LAFRIMBOLLE
Dimanche19 novembre 44
Ouvrir une brèche vers l’Alsace
Le 19 novembre, au lever du jour, le sous-groupement Morel-Deville, du groupe tactique Rémy, se heurte aux Alpenjäger en train d’installer un barrage de troncs de sapins près de la ferme Saint-Michel à Lafrimbolle.
Le sous-groupement Massu prend la relève.
Un fermier avait entendu des officiers allemands installés dans sa cave dire qu’ils n’avaient pas pu miner le secteur du carrefour où se trouvait le barrage, faute de mines.
Le commandant Massu, informé, lance son infanterie à travers les bois, contournant le barrage, faisant 40 prisonniers et démantelant une autre barricade dressée devant la ferme de la Cense-Manée : la route de Dabo est ouverte.
Composition du S/groupement MASSU
(La Frimbolle-Dabo-Obersteigen)
Chef Lt-Col MASSU
Adjoints : Cne MOLLOT du RMT
Cne LUCIEN du RBFM
Compagnie hors rang du 2e Bataillon : Cne de la Simone
Compagnie d’accompagnement du 2e Bataillon: Cne Eggenspiller
5ème compagnie de combat aux ordres du Cne Rogier
6ème compagnie de combat aux ordres du Lt Renaud
2ème escadron du 12e RCA aux ordres du capitaine de Vandières
Peloton de spahis du 1er RMSM aux ordres du Lt Rouxel (3ePon du 2e Escadron)

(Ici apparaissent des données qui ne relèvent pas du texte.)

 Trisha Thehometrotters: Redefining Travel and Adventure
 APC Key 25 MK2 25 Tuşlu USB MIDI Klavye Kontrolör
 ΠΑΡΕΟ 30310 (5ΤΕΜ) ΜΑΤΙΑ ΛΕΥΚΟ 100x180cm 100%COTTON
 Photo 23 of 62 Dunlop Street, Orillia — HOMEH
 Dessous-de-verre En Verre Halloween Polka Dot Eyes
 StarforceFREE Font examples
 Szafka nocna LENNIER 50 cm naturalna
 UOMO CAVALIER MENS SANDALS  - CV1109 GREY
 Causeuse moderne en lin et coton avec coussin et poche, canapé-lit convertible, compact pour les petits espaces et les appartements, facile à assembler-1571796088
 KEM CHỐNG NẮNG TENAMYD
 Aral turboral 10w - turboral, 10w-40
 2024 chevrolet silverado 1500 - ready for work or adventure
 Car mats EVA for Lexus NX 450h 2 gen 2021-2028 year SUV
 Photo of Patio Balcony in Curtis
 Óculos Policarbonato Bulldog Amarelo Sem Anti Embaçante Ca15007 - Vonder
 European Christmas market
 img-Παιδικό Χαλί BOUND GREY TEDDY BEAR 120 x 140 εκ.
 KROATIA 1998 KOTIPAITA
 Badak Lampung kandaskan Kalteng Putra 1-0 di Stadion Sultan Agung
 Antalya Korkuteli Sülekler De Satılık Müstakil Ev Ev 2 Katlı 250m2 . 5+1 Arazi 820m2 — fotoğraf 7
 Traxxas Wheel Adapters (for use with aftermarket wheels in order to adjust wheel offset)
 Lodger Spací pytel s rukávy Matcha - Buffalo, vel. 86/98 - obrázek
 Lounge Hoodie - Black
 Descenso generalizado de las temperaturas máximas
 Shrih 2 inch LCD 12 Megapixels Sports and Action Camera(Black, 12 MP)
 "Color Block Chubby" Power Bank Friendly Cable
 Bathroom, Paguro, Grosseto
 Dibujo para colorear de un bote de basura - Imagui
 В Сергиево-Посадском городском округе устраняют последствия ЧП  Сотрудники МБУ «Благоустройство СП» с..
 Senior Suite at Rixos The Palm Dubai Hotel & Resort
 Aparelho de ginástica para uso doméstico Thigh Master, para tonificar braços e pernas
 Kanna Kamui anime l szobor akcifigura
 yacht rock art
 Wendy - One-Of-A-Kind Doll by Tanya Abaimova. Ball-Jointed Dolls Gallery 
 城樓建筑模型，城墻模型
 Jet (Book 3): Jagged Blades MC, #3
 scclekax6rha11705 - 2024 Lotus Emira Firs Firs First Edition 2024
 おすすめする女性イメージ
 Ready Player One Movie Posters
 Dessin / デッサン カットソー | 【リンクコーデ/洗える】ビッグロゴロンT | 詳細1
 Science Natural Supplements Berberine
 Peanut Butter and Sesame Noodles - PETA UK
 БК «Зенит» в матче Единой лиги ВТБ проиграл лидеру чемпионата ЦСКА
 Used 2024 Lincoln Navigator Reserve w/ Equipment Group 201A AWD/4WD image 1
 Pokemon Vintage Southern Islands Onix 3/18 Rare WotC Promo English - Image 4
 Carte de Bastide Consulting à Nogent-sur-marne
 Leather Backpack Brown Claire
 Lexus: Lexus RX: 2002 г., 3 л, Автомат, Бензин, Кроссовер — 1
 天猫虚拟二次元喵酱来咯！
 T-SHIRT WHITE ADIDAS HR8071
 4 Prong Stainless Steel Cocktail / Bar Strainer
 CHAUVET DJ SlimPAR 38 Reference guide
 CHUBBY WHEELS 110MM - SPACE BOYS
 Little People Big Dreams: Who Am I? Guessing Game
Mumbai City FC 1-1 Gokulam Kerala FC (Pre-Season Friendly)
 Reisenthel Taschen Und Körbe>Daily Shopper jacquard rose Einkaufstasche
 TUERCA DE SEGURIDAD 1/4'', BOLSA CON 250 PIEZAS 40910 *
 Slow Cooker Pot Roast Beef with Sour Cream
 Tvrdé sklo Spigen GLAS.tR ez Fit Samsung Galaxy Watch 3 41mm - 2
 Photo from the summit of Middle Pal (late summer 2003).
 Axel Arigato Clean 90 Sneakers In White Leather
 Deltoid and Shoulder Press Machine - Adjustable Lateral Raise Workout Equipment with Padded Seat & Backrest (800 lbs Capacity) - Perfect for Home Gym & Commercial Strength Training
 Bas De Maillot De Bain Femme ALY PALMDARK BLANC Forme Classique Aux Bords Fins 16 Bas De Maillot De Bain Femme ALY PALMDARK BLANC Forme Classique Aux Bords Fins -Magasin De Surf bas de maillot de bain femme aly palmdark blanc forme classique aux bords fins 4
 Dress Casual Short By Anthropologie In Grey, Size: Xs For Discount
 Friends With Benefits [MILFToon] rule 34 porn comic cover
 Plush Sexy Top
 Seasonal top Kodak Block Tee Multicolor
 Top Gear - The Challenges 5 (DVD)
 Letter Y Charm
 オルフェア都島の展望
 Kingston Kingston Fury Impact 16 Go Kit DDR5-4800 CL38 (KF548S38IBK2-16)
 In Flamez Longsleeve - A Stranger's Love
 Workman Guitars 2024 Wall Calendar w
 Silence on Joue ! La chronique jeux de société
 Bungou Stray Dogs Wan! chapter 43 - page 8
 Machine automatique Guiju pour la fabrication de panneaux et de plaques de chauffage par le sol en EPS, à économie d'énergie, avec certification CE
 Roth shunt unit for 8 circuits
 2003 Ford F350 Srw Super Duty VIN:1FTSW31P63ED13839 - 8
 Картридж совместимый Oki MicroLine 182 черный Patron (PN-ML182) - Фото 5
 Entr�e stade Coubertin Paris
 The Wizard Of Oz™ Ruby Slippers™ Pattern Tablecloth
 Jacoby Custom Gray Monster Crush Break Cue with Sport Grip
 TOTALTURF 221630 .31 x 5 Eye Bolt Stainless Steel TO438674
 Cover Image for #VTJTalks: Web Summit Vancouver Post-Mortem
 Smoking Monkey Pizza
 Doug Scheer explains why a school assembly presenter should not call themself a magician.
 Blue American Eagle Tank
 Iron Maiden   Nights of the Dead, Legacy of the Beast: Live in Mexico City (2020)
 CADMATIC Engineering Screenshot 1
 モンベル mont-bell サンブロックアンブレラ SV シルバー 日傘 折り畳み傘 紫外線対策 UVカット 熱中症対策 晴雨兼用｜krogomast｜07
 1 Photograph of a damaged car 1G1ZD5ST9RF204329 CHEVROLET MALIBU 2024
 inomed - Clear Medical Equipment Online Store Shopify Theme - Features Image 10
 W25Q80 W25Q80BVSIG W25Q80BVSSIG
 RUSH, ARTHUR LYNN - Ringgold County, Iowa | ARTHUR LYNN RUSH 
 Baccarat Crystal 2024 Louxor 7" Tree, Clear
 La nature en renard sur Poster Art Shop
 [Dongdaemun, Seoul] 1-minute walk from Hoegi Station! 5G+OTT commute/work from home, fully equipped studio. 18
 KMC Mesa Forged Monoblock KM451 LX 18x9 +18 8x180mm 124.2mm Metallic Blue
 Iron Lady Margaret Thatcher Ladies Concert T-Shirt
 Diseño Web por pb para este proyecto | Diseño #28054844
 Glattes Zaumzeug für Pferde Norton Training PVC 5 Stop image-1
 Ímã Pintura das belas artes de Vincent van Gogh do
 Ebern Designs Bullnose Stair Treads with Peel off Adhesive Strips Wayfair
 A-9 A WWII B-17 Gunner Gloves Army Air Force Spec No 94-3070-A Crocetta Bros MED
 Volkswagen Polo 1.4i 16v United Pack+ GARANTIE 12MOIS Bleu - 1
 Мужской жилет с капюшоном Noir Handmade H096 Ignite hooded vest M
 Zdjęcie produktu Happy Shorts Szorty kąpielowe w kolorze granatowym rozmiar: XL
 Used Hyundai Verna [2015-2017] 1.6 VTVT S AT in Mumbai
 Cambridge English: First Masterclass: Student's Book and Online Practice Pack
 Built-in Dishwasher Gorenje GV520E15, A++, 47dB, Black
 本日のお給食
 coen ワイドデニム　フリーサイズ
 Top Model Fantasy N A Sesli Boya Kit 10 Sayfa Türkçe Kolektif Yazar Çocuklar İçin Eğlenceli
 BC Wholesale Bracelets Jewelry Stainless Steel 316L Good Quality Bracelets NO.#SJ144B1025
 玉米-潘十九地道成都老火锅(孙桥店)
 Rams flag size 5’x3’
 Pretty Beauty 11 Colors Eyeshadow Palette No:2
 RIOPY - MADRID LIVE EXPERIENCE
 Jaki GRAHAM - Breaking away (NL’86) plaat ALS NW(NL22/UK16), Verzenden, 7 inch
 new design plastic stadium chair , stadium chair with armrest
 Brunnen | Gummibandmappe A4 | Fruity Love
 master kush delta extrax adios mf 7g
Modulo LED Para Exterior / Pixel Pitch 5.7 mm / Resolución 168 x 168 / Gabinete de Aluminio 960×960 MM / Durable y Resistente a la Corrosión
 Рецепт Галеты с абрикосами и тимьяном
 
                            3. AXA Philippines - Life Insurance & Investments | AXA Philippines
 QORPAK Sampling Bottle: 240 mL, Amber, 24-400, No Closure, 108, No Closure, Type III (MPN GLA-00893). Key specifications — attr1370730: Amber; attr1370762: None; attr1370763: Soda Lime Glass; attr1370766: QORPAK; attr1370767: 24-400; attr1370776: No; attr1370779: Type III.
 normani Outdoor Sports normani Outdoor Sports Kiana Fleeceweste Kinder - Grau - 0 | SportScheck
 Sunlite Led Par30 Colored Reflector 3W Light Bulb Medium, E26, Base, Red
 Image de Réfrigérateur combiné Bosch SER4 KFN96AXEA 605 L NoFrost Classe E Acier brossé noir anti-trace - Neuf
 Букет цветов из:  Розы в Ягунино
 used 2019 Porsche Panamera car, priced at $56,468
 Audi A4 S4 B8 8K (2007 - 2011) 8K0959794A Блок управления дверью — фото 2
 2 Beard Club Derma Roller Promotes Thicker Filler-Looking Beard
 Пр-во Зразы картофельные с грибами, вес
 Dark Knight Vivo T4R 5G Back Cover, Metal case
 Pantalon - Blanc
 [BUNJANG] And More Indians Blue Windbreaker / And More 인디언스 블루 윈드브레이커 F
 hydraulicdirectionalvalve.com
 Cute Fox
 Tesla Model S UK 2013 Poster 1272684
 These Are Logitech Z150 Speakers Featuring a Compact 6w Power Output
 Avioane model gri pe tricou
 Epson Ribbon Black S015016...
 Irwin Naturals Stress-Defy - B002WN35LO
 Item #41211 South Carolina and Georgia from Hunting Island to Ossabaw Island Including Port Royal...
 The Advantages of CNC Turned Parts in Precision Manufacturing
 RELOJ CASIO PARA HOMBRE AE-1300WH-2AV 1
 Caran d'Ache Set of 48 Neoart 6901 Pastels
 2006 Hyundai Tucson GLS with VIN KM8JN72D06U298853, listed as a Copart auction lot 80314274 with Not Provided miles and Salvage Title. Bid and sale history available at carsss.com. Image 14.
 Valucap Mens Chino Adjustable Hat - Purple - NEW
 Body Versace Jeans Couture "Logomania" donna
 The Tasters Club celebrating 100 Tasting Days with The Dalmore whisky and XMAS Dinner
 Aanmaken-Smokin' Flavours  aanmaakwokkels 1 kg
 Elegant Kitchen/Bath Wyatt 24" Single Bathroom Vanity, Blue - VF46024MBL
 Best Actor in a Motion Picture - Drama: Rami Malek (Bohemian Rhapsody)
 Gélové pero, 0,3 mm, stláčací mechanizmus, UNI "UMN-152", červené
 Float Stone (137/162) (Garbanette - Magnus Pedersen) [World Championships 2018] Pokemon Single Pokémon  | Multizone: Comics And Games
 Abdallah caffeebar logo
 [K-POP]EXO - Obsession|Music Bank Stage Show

Peloton de Tank-Destroyers du RBFM aux ordres du EV Durville
Section de sapeurs du 13e génie de Chollet
DL du cne Ramières, cdt la 3e Batterie du 40 RANA
La 2e DB – Général Leclerc – combats et combattants – En FRANCE
(Extrait)
Le 19 au matin, le Général est à Cirey.
Quelques efforts sont encore nécessaires, mais la porte est déjà plus qu’entr’ouverte.
L’ennemi décroche sur tout le front du Corps, abandonne la Vor-Vogesenstellung pour garnir la ligne des Vosges.
Il faut à tout prix maintenant le prendre de vitesse : l’instant approche pour lequel tout jusque-là a été mis en œuvre, le difficile moment du lâcher.
Quelques semaines auparavant, devant la carte, devant le problème que posait la trouée de Saverne fortement fortifiée, la main du Général avait esquissé un double mouvement.
Surprendre l’ennemi par des itinéraires de montagne au nord et au sud.
Au sud, c’était la route de Dabo. Non pas cependant telle qu’elle part de Sarrebourg, mais rejointe à son dernier tronçon devant Hazelbourg.
La première partie du trajet sera faite par des chemins secondaires qui déploient leurs longues épingles à cheveux en pleine forêt, au plus près de la montagne. Lafrimbolle, Saint-Quirin, Lautenbach, Walscheid, Sitifort.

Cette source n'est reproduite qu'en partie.